Exercise goal →
Print, exactly as they stand, the lines below from the one that has "Фото 8 - Lexus RZ" to the one that has "あやかさんの「UNTITLE", inclusive, leaving out the pictures.

Provided entries →

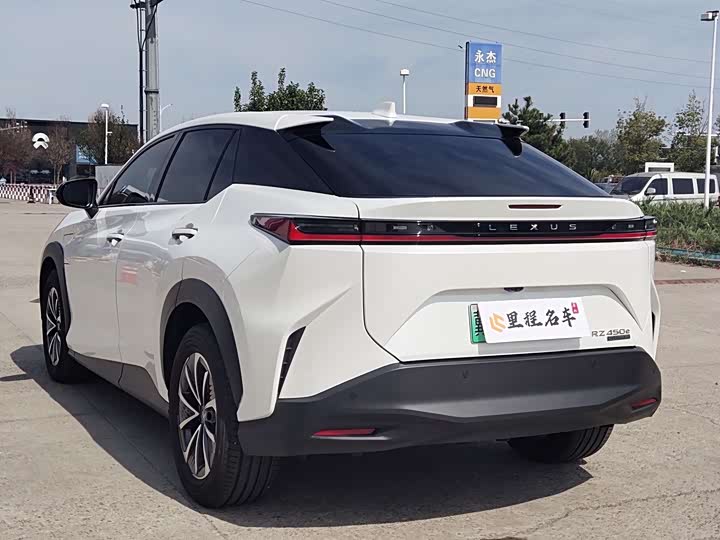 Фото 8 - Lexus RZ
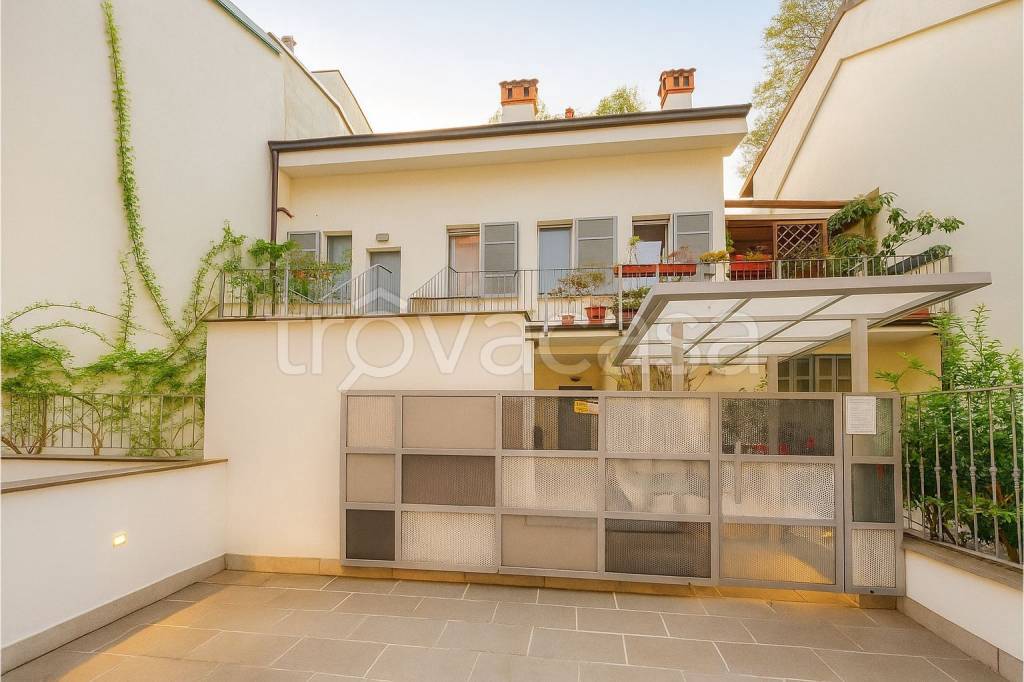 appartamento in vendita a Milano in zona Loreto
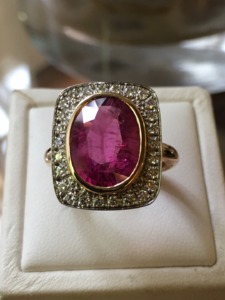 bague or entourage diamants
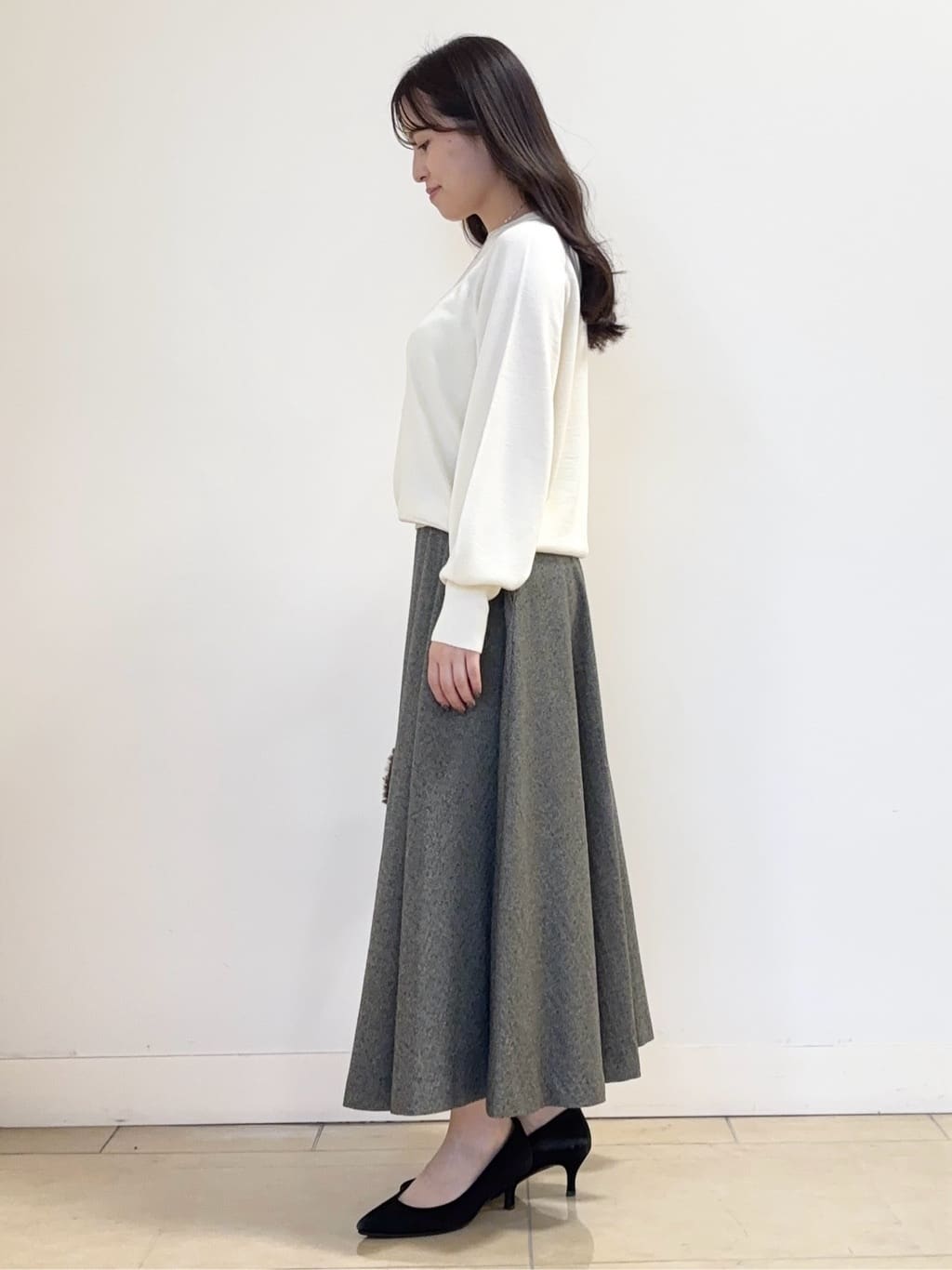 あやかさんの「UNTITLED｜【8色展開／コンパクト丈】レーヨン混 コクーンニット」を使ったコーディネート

--

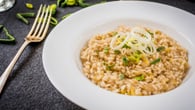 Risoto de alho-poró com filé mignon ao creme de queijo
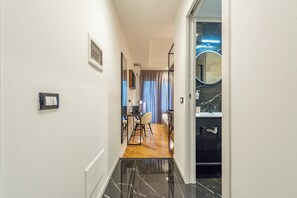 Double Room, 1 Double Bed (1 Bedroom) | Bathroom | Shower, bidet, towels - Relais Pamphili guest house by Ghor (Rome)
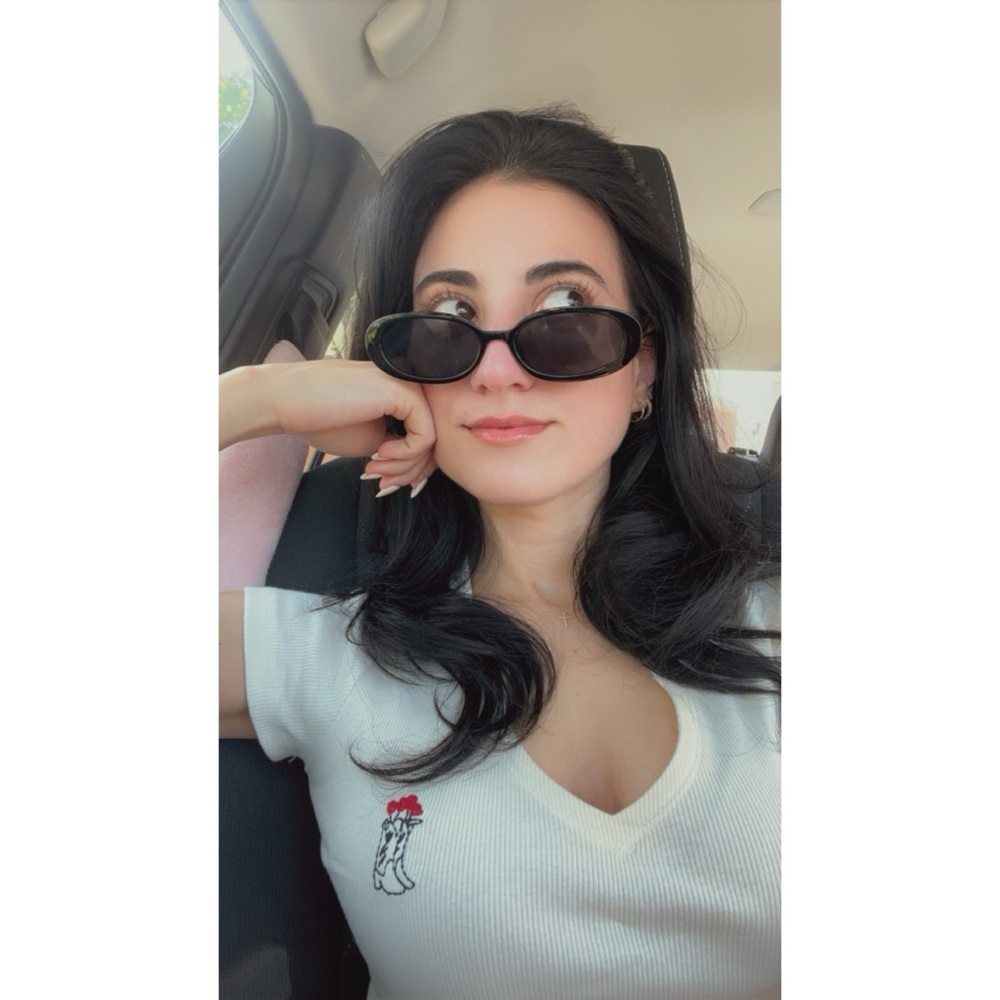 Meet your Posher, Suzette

...

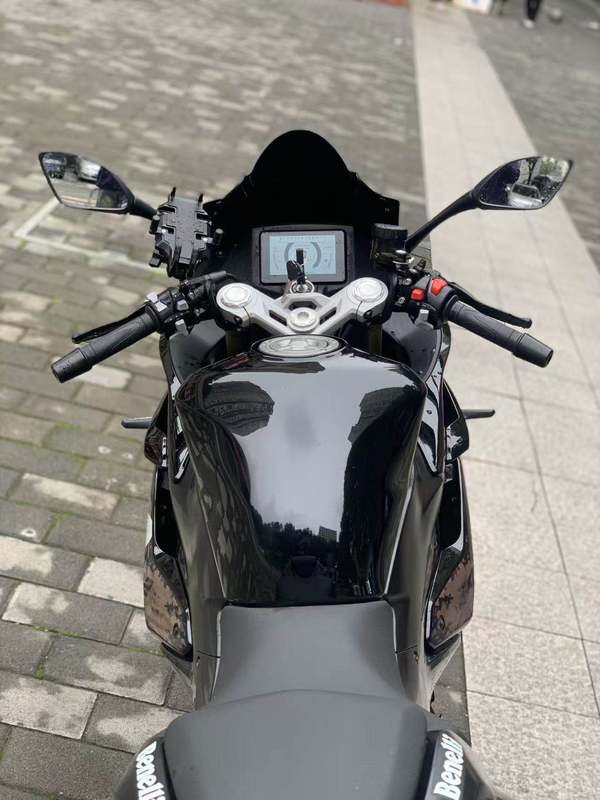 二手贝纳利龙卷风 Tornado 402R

Answer to this exercise →
 Фото 8 - Lexus RZ
 appartamento in vendita a Milano in zona Loreto
 bague or entourage diamants
 あやかさんの「UNTITLED｜【8色展開／コンパクト丈】レーヨン混 コクーンニット」を使ったコーディネート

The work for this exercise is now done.